タイトルと素敵な表紙の装画から勝手にSFだと思い込んで手に取りましたが全然違った。この不条理な世界をユーモアで笑う、イスラエルの文筆&映像作家のケレットの超短篇集。なかなかシュールで乾いた笑いを誘い、どうしようもなさが胸に沁みました。エミール・クストリッツァ監督の世界観に似ている。
■前の前の回におれが大砲からブッ放されたとき
サーカス団の清掃員が急遽代役で人間大砲になる話。アレな嗜好の目覚める瞬間?
■窓
記憶喪失になった男がリハビリするために住む部屋は、窓のない暗いワンルームだったという話。壁に写しだされる映像が…。

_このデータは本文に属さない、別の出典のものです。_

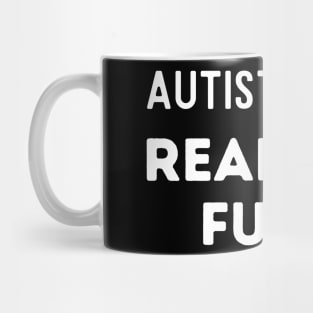 Autistic and Ready to F*ck Shirt // Funny Unisex Softstyle T-Shirt // Vulgar Perfect Gift // Funny Meme Trending Tee Mug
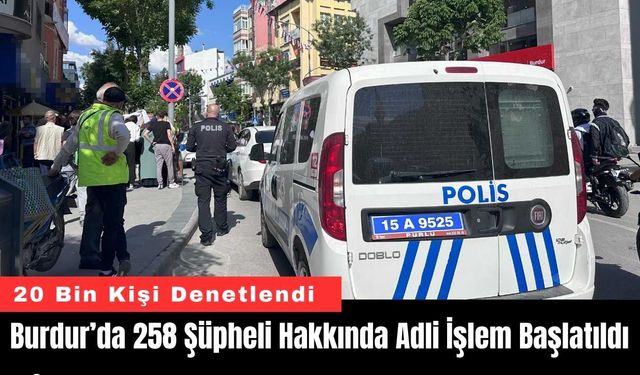 Burdur’da 258 Şüpheli Hakkında Adli İşlem Başlatıldı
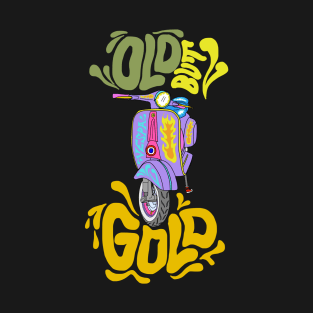 Old but gold ( vespa ) T-Shirt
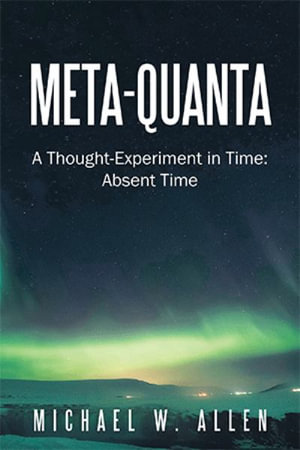 Meta-Quanta : A Thought-Experiment in Time: Absent Time - Michael W. Allen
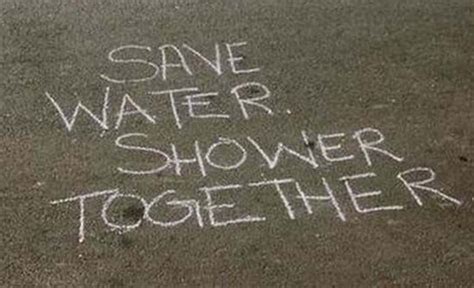 We Do Together Quotes Save Water Save Water Shower Together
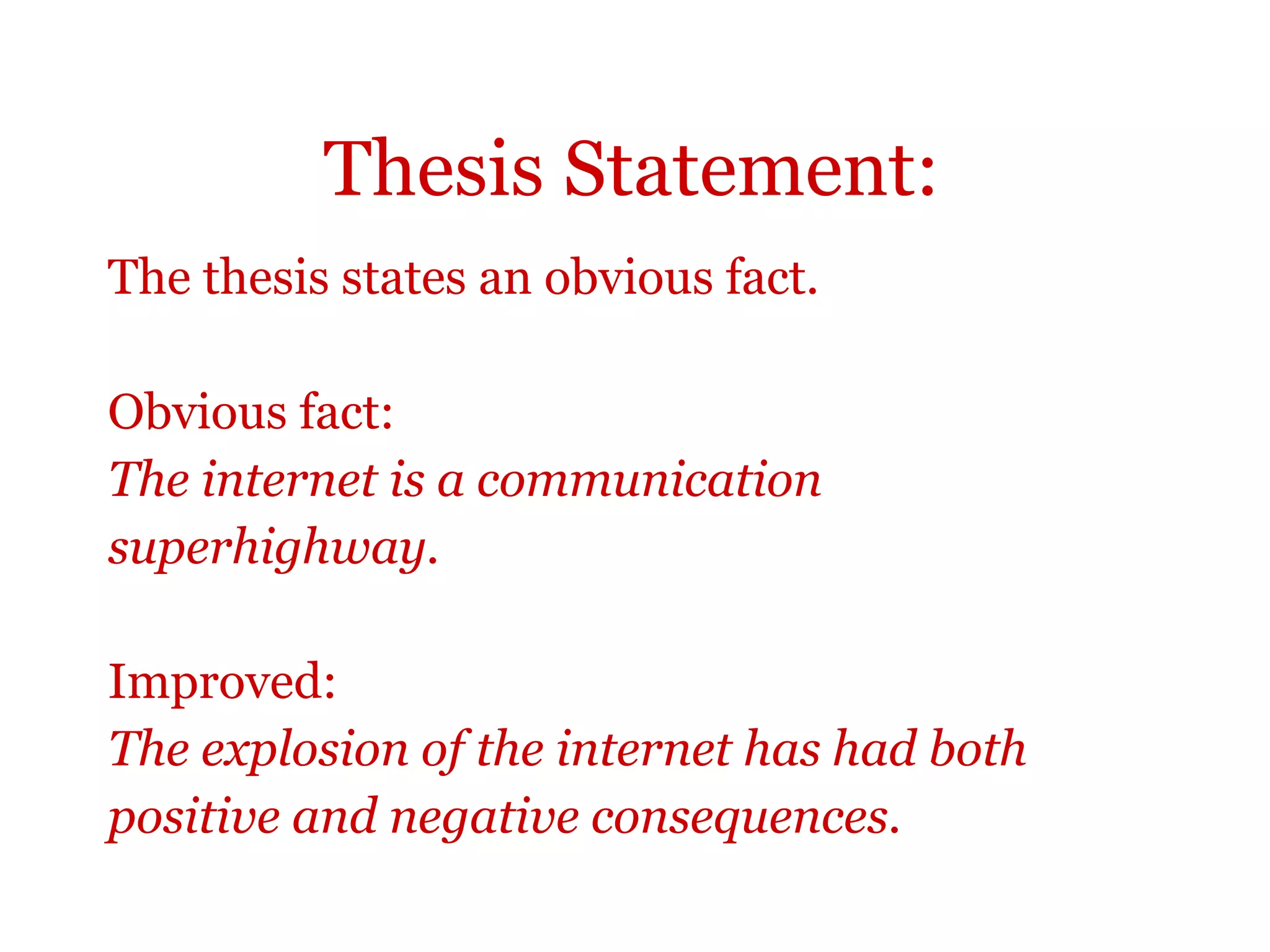 Thesis Statement:
The thesis states an obvious fact.
Obvious fact:
The internet is a communication
superhighway.
Improved:
The explosion of the internet has had both
positive and negative consequences.
 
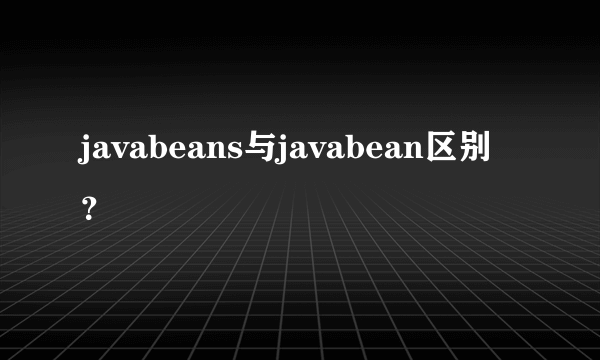 javabeans与javabean区别？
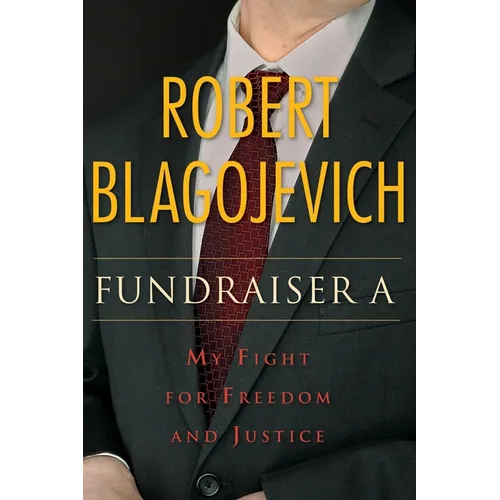 Fundraiser a: My Fight for Freedom and Justice - Hardcover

無感情なアンドロイドとのやり取りも怖い話でした。
■GooDeed
善行を施す機会を探すアプリの話。Facebookのマーク・ザッカーバーグが出てきた。富める者も貧しい者も出会いに恵まれて幸せだ。
■ブリザードン
トランプ大統領が三期目に入った近未来。戦場に配置されたポケモンGOならぬピトモンGOのレアをゲットしたいがために、オーバー14部隊に志願した少年兵の話。この無邪気な幼さで世界中の戦場を駆け巡るシュール。
ユーモアとは耐えがたい現実とつきあう手段なのです。抗議する手段でもあり、ときには人間の尊厳を守る手段でもあります。やりたくないことをやらなければいけないとき、ユーモアをもつことは「ほら、まだおれは人間だぜ」と言っているのと同じなのです。